Survivor Drama: Contestant Outs Transgendered Player And Shocked When Everyone Else Circles The Wagons


Survivor has been around for 34 seasons now, and for whatever reason the last few times around have been full of players more skilled in "the game" than we've really seen in a long time. This season is called "Game Changers," and it's been largely true, with even more than the usual crop of blindsides. With all that drama, no-one was really prepared for the unbelievable exchange which happened during Tribal Council.
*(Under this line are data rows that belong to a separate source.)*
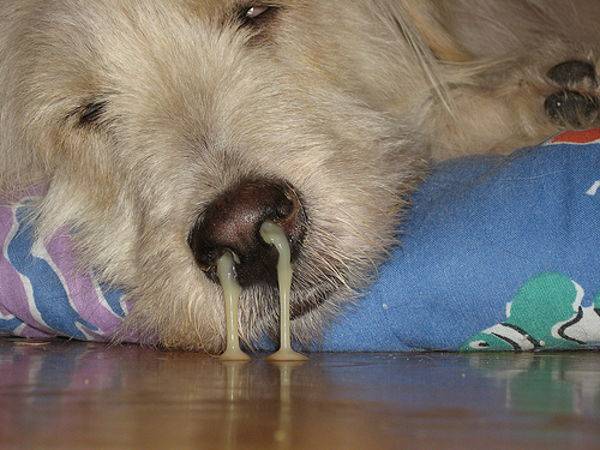 Сопли у собаки: причины насморка и что делать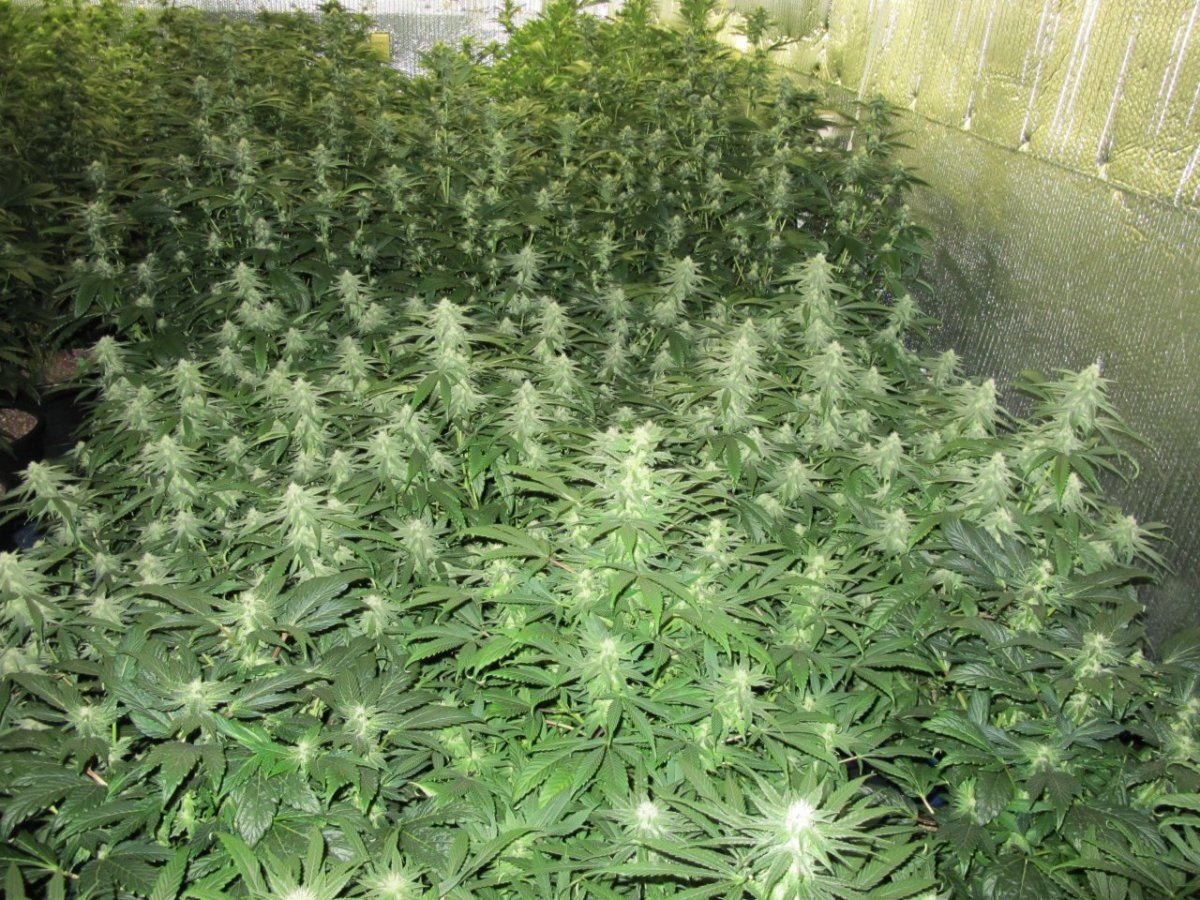 IMG 3855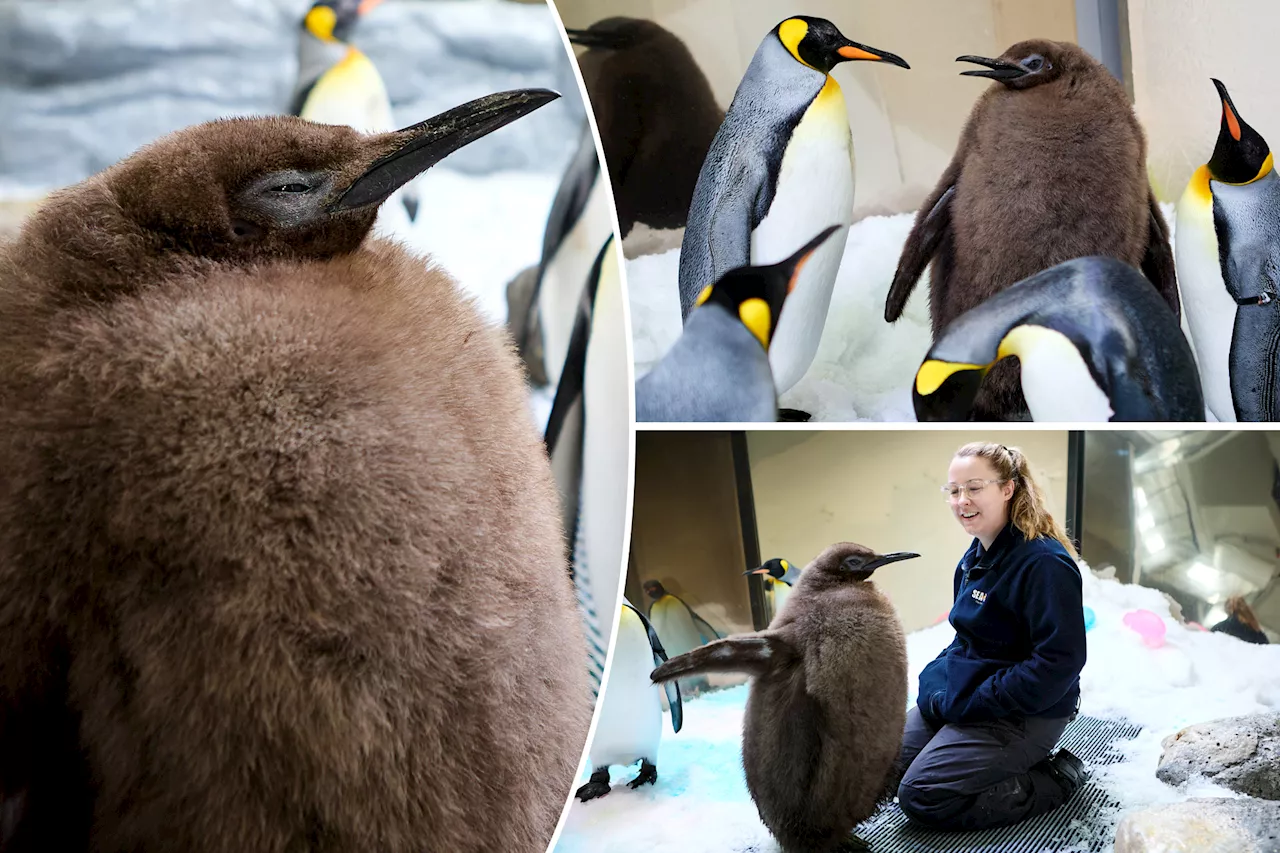 Move over, Moo Deng — Pesto is the fat penguin stealing hearts: 'Chonky king'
With the Nuku tribe going to Tribal, there were the regular alliances and plots being hatched, but it was clear through most of the episode that Jeff Varner was going to be getting the heave-ho from his tribemates and voted off the island. In desperation during the discussion in front of host Jeff Probst, he spoke about how everyone was capable of deceit (which is a true enough statement with regards to any experienced Survivor player). To punctuate his point he turned to fellow tribemate Zeke Smith and asked him, "why haven't you told anyone you're transgender?"

Now, Zeke has been on Survivor for more than 50 days across two seasons and it's never been brought up once as a topic. He hadn't revealed that aspect to anyone else, it's been entirely a private aspect to Zeke. Now, on national television, off the cuff, Varner forever cast himself on the "missing the point" train by insisting that he was bringing it up to highlight that Zeke was capable of deception.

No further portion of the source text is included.